Material provided:
________________________________________
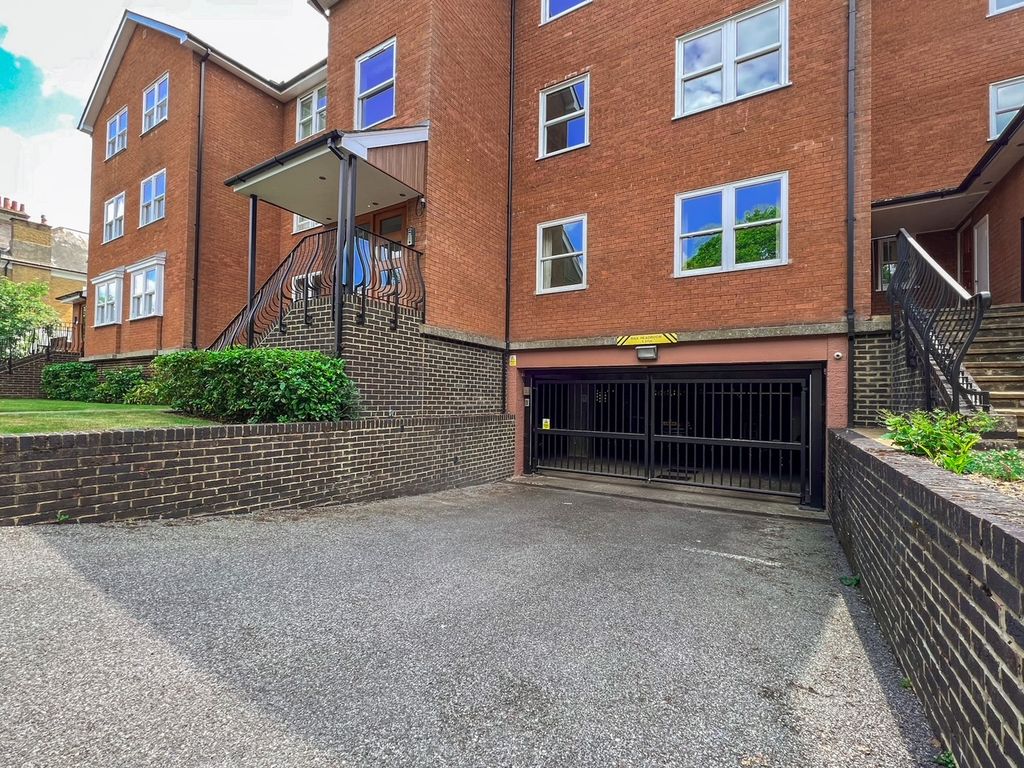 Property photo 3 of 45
________________________________________
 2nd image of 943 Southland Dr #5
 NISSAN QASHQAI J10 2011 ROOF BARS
________________________________________
Description of the task: For the material above, reproduce exactly the lines from the line with "2nd image of 943 Southland Dr #5" to the line with "NISSAN QASHQAI J10 2011 ROOF BARS", inclusive, and exclude all others.

Expected answer:
 2nd image of 943 Southland Dr #5
 NISSAN QASHQAI J10 2011 ROOF BARS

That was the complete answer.